======== Extracted data ========
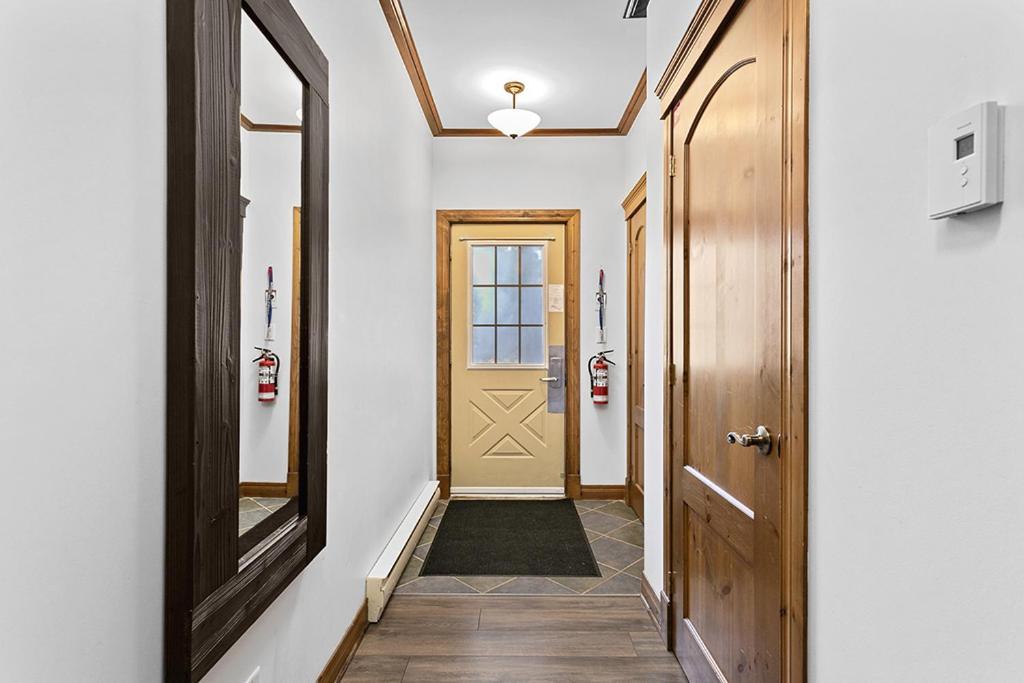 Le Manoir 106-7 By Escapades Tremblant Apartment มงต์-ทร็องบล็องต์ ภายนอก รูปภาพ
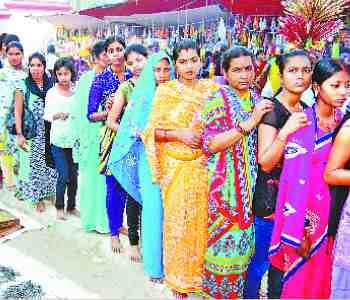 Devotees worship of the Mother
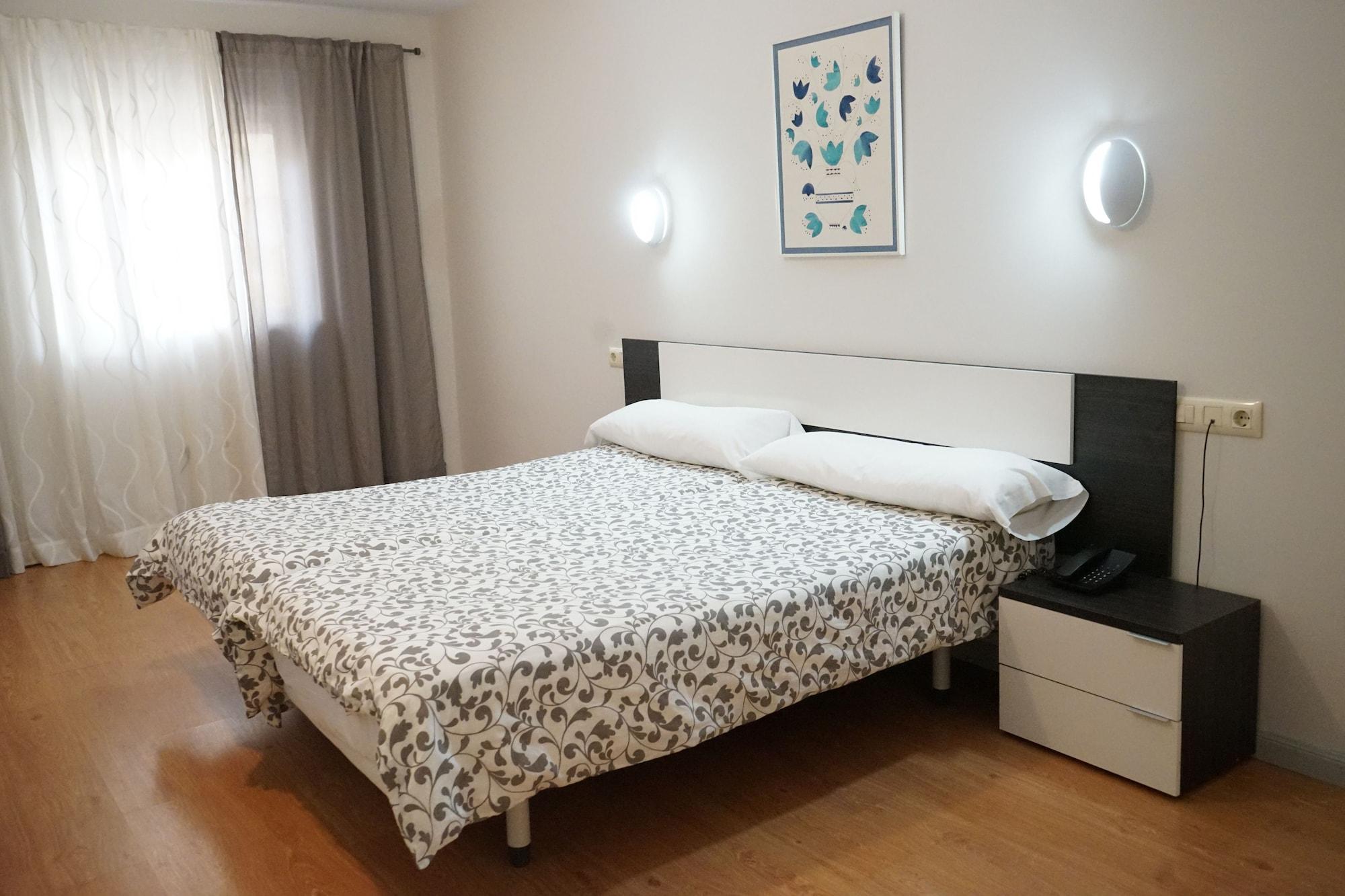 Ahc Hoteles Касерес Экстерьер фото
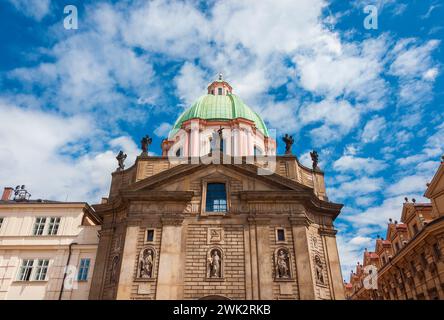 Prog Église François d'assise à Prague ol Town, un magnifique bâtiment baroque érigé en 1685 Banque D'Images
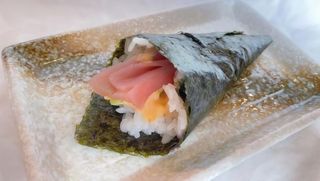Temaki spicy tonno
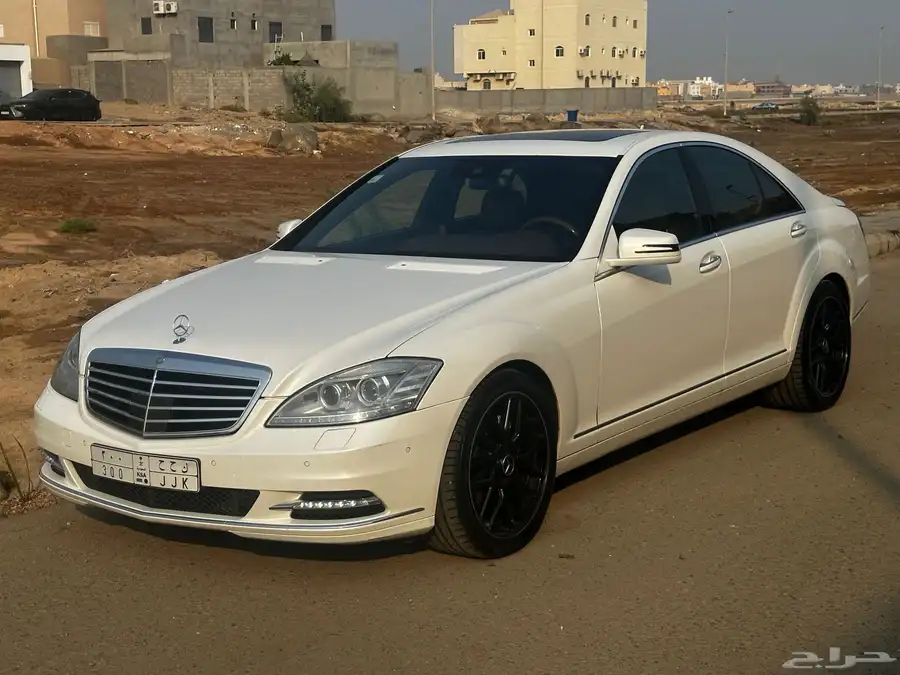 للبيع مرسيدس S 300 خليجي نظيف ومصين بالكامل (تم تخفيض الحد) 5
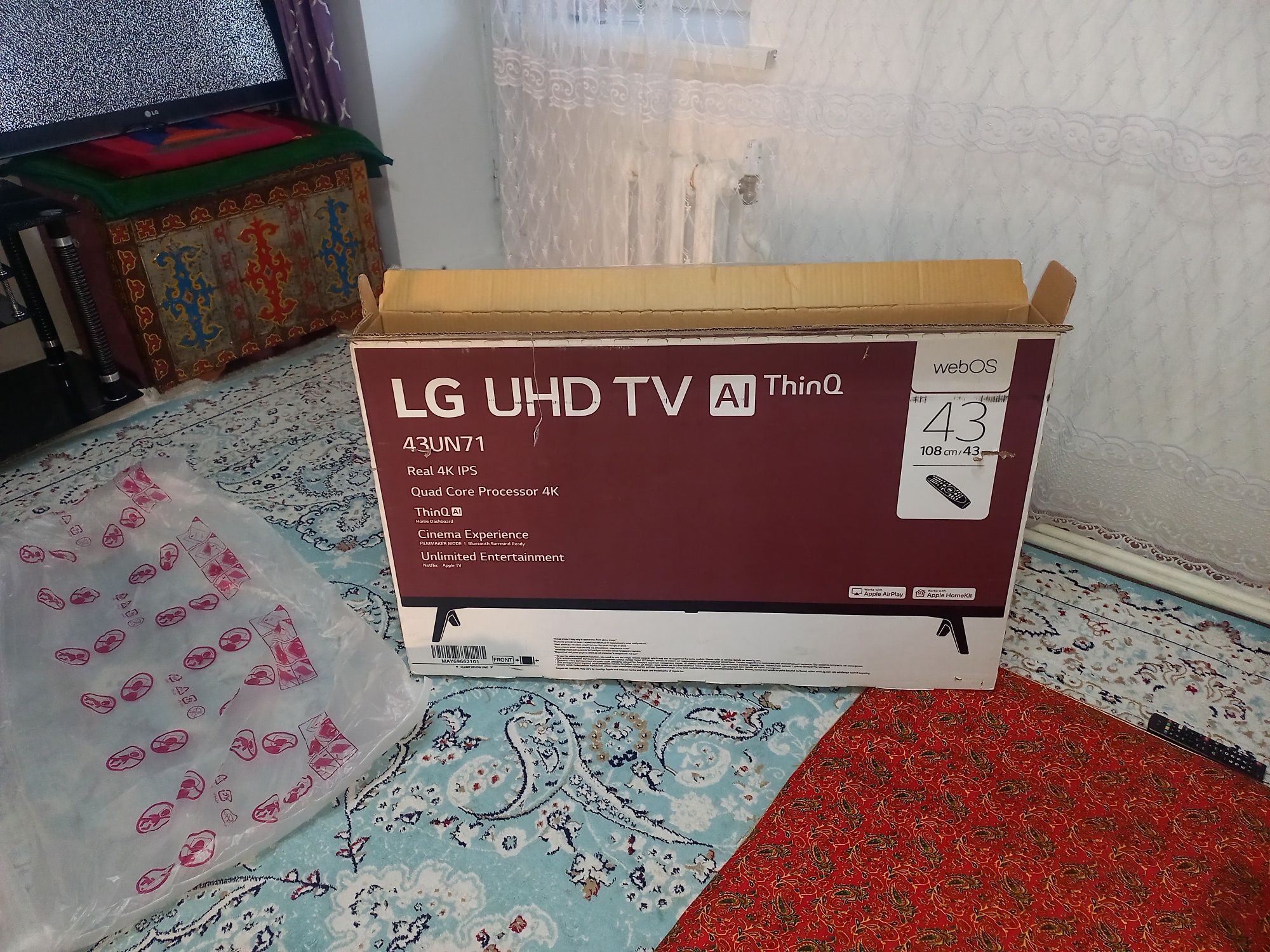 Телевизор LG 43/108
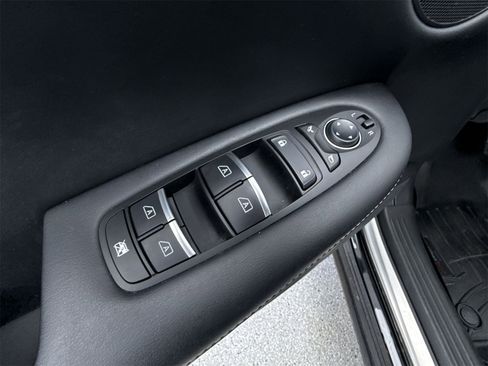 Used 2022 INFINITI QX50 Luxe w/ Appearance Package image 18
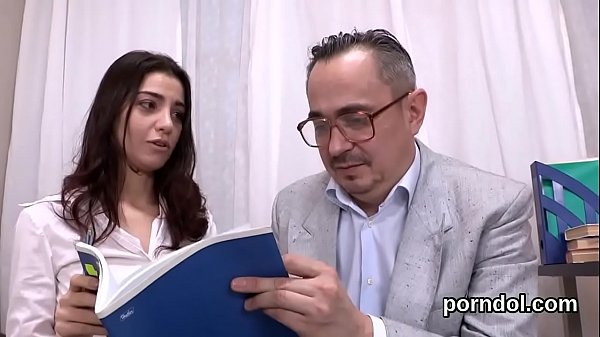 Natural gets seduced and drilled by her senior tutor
========
What is needed
The reply has to reproduce every line above verbatim and contain no pictures.

Solution for this problem
 Le Manoir 106-7 By Escapades Tremblant Apartment มงต์-ทร็องบล็องต์ ภายนอก รูปภาพ
 Devotees worship of the Mother
 Ahc Hoteles Касерес Экстерьер фото
 Prog Église François d'assise à Prague ol Town, un magnifique bâtiment baroque érigé en 1685 Banque D'Images
Temaki spicy tonno
 للبيع مرسيدس S 300 خليجي نظيف ومصين بالكامل (تم تخفيض الحد) 5
 Телевизор LG 43/108
 Used 2022 INFINITI QX50 Luxe w/ Appearance Package image 18
 Natural gets seduced and drilled by her senior tutor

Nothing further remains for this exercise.